La crise qui secoue l'Égypte depuis deux semaines risque de coûter cher au pays le plus peuplé du Moyen-Orient, alors que l'instabilité politique a fait fuir les touristes en masse et pourrait refroidir durablement l'ardeur des investisseurs étrangers.

«La crise coûte au moins 310 millions de dollars par jour à l'économie» égyptienne, estime dans une récente note le Credit Agricole, qui a abaissé sa prévision de croissance du PIB égyptien pour 2011 à 3,7%, contre 5,3% précédemment.

Or l'Égypte, forte de plus de 80 millions d'habitants, était déjà confrontée avant la révolte populaire à d'importants défis socio-économiques: fort taux de chômage, inflation élevée et pauvreté massive.

Le gouvernement a engagé ces dernières années un vaste programme de libéralisation de l'économie génératrice de croissance. Mais cette amorce de décollage n'a pas réduit les inégalités dans un pays où environ 40% de la population vit autour du seuil de pauvreté de deux dollars par jour.

Commencées le 25 janvier, les manifestations contre le régime du président Hosni Moubarak risquent encore de fragiliser la situation.

Banques et entreprises ont suspendu leur activité pendant une dizaine de jours, entraînant une baisse de 6% des exportations égyptiennes en janvier, selon le ministère de l'Industrie.

La Bourse du Caire ne rouvrira que dimanche après deux semaines de fermeture et des pertes d'environ 12 milliards de dollars en deux jours.

Quant aux vacanciers, ils sont des dizaines de milliers à avoir quitté le pays en pleine haute saison, alors que le tourisme représente une précieuse rente pour l'Égypte (6% de son PIB).

Le tourisme a rapporté environ 13 milliards de dollars à l'Égypte en 2010, avec une fréquentation record de près de 15 millions de visiteurs.

Or «si la saison d'hiver en cours est perdue, les conséquences seront importantes, d'autant que les clients réservant leurs vacances d'été risquent de changer leurs projets», commente Elliott Frisby, porte-parole du Conseil mondial du voyage et du tourisme (WTTC).

Autre conséquence potentiellement grave pour le pays, très dépendant des échanges extérieurs: l'inquiétude des investisseurs étrangers, aggravée par la coupure d'internet de plus de cinq jours décidée par le régime en réaction à la contestation populaire.

Certaines entreprises ont suspendu leurs activités dans le pays, comme le géant maritime et pétrolier danois A.P.Moeller-Maersk, les cimentiers français Lafarge et italien Italcementi, ou le constructeur automobile Nissan.

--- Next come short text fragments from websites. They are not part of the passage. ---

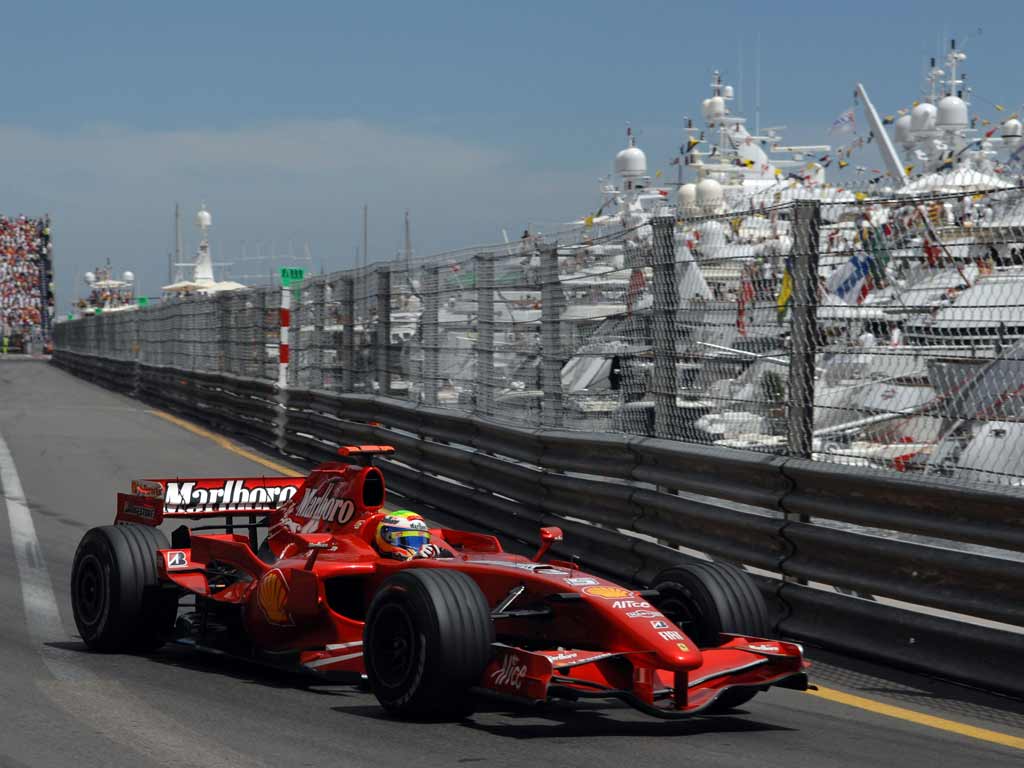 F1 Monaco Grand Prix. Grand Prix of Monaco Wallpaper Free HD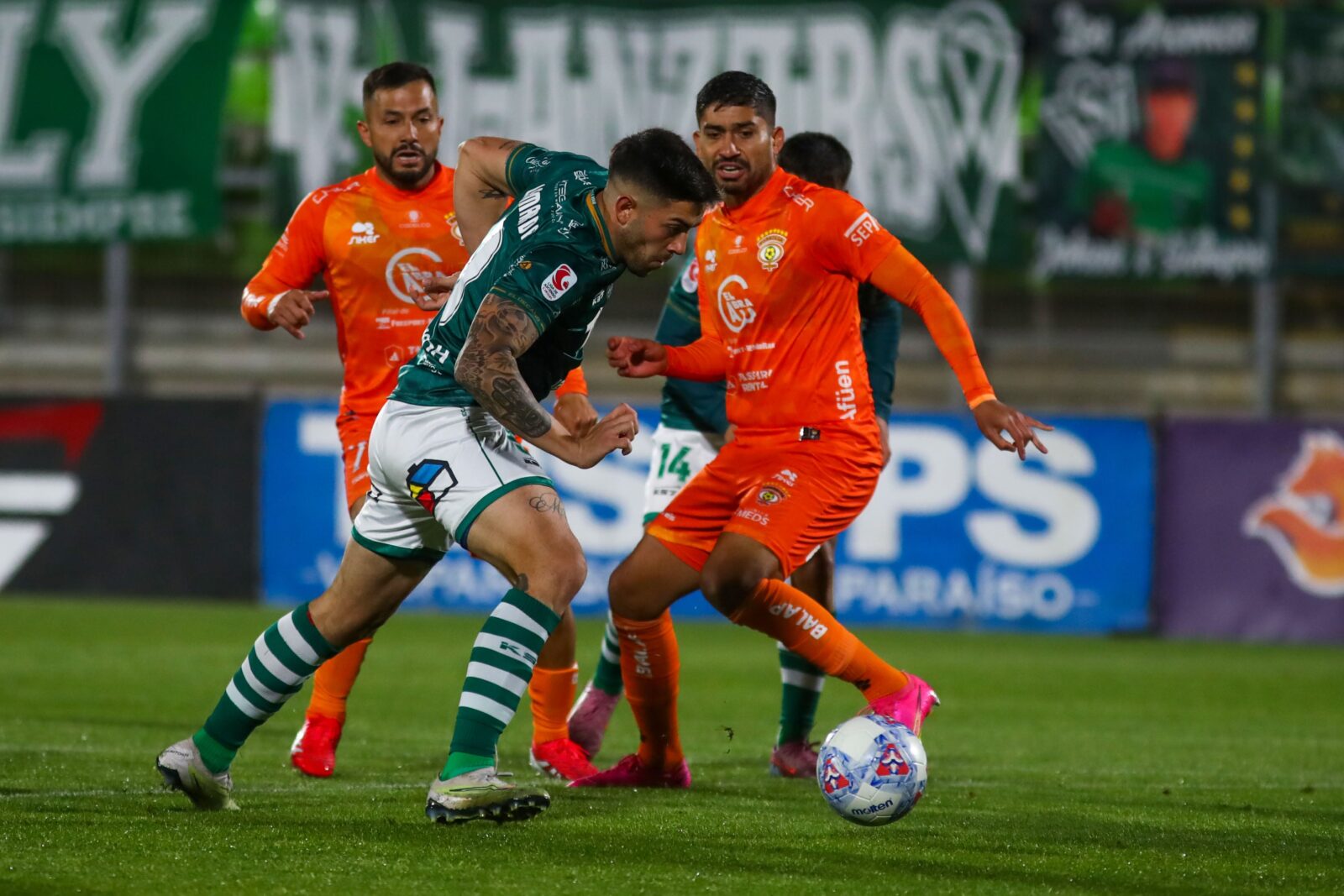 Cobreloa y Wanderers protagonizan la final anticipada del Ascenso en Calama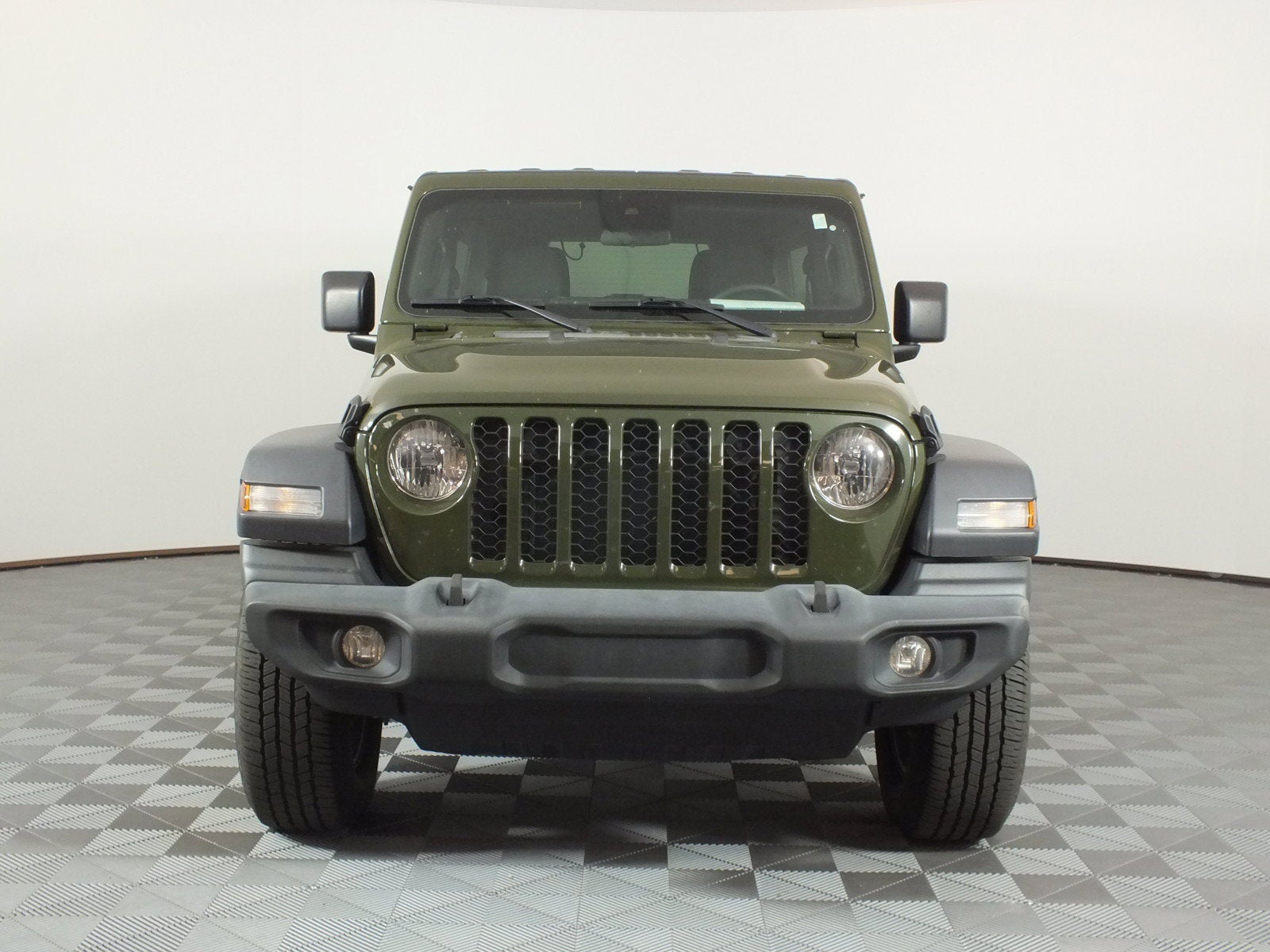 2024 Jeep Wrangler Sport S 4WD *1-OWNER!*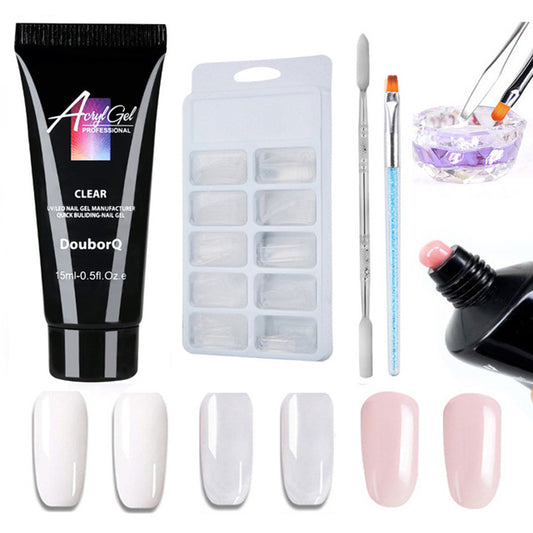 Nail Polish Art For Nails Extensions Manicure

Plusieurs groupes, dont France Télécom, la compagnie pétrolière russe Loukoïl ou encore le groupe énergétique allemand RWE, ont évacué tout ou partie de leurs salariés.

«Il ne sera pas facile de regagner la confiance des investisseurs. Quant aux groupes encore absents d'Égypte, ils réfléchiront à deux fois avant de s'engager», fait valoir Rashad Abdou, professeur d'économie à l'université du Caire.

Autre inquiétude sur les marchés, qui a récemment fait monter les prix du pétrole: le spectre d'une fermeture du Canal De Suez, permettant aux navires de relier la mer Méditerranée à la mer Rouge sans contourner l'Afrique, et dont l'Égypte a tiré 4,7 milliards de dollars de revenus en 2008-2009.

Mais ce scénario n'est pas en vue pour l'heure, selon Karine Berger, directrice des marchés de l'assureur-crédit Euler Hermes, qui donne à l'économie égyptienne de bonnes chances de se remettre sur pied.

«Il y aura pendant six à douze mois une vraie instabilité, des sorties de capitaux étrangers, il faudra reconstruire une crédibilité vis-à-vis des partenaires commerciaux, et ça mettra du temps», dit-elle.

«Mais si l'Égypte reconstruit une stabilité politique plus ou moins rapidement, son économie suivra», poursuit-elle. «Le pétrole et le Canal de Suez sont des atouts structurels de l'Égypte qui resteront, sauf à imaginer un gouvernement suicidaire».